McGill University:
School of Computer Science
Winter 1997 Class Notes for 308-251B

DATA STRUCTURES AND ALGORITHMS

Topic #14: Hashing - Overview and Applications


A.D.T dictionary

The possible implementations for A.D.T. dictionary are shown below.

1. Binary Search Trees Pointer based
2. Tries/suffix Trees RAM model
3. Hashing

For tries and for hashing you have to look at the data itself. Not so for Binary search trees. All operations on B.S.Ts can be implemented by using key comparisons. For hashing and tries this is no longer sufficient. The actual values of the keys play a central role in determining where elements are inserted. We shouldn't really compare the complexities that we obtain with B.S.T. with those of hashing. It's like comparing apples and oranges.


Some uses of hashing

1 CD databases

For CD's, what we would like to do, is have a world-wide CD database so that when users put there disk in the CD player, they get a full table of contents on there own computers. These tables are not on the disks themselves. No information about the songs is stored on the cd. It must be downloaded from the database. The problem is that CD's have no ID numbers stored on them. So how can the computer know which CD is in the player? Well, it can use the only information on the CD, the track length, and every cd is different. Basically, a big number is cooked up from the track lengths, a "signature" that identifies our CD. This signature is a value obtained by hashing. For example, a number of length of 8 or 10 hex. digits is cooked up; the number is then sent to the data base, and that data base just looks for the closest match. The reason being, that track length may not be measured exactly.

EX: ae 35 0b ff 35 --> looks in the library for a match Signature

ae 35 0b ff 35 --> Searches database for a matching signature.
signature

The principle in hashing, is that x is put in a table in position h[x]. For the cd, you have a big table, some entries possibly nill. And then placed x in the table.

2 Drivers licences/insurance cards

Exactly the same as the cd example. If you look at drivers licence numbers or insurance card numbers, they are cooked up also from things that never change: date of birth, name, etc.. Again, some digits are taken and placed in a certain place. The numbers are the way they are , so that inside the computers they can be put into a table.

3 Sparse arrays

A sparse array is an array which is mostly 0, and in which a few are non-zero entries. Of course one could store the array, but that would not make a lot of sense. The storage would be proportional to n squared. Another possibility, is to cut it up into huge blocks, so that we would have 1 element per block on the average. The number of blocks is about equal to the number of non-zero elements. Then you store the elements in a table. We store a two dimensional array in a one dimensional array. There is a one to one correspondence between the elements in the array an the elements in the table.
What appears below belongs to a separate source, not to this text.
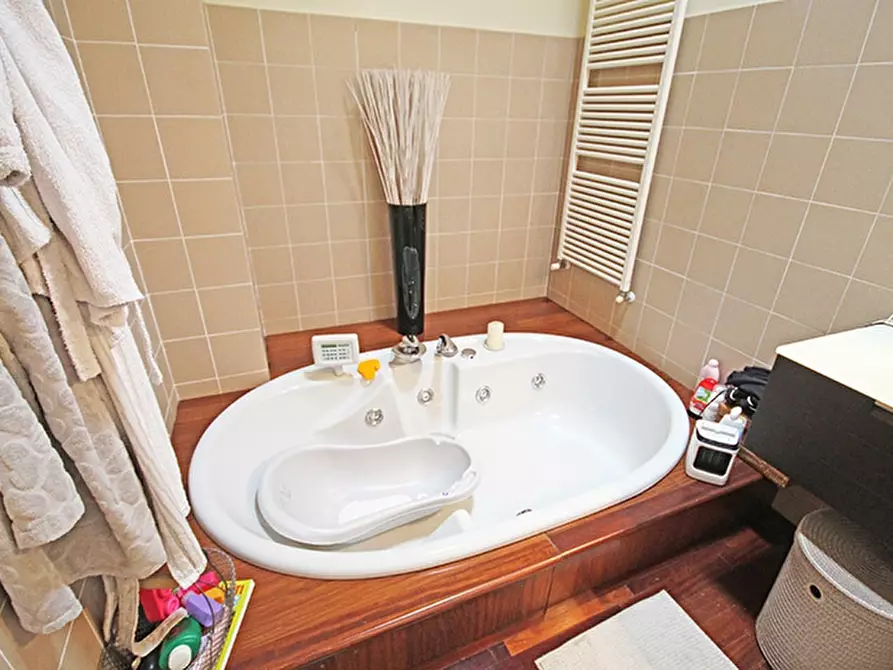 Immagine 16 di Casa indipendente in vendita  in via Villa a Arcene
# of blocks ~= # non-zero elements

Let the array be nxn, and let there be N nonzero entries. From the coordinates (i,j) of an array element, we determine an index k in an array by a simple calculation. Thus, we have k=h(i,j) for some function h, called a hash function. All elements with the same hashed value k are put in the k-th slot of a simple table. The storage is proportional to N. Had we stored the array, we would have required storage proportional to nxn.

4 File signatures

File signatures provide a compact means of identifying files. The files may be large, such as audio files, picture files, or text files. We extract a function, h[x], the file signature, which is a property of the file.

As an example, if we have a binary file, the signature could consist of bits# { 17, 21, 1003, 905, 904, and 3}, a six bit signature. This signature is very compact. Another possibility for a file signature is the name. Storing files by name is customary, but you can also store by signature, because the signature identifies the file.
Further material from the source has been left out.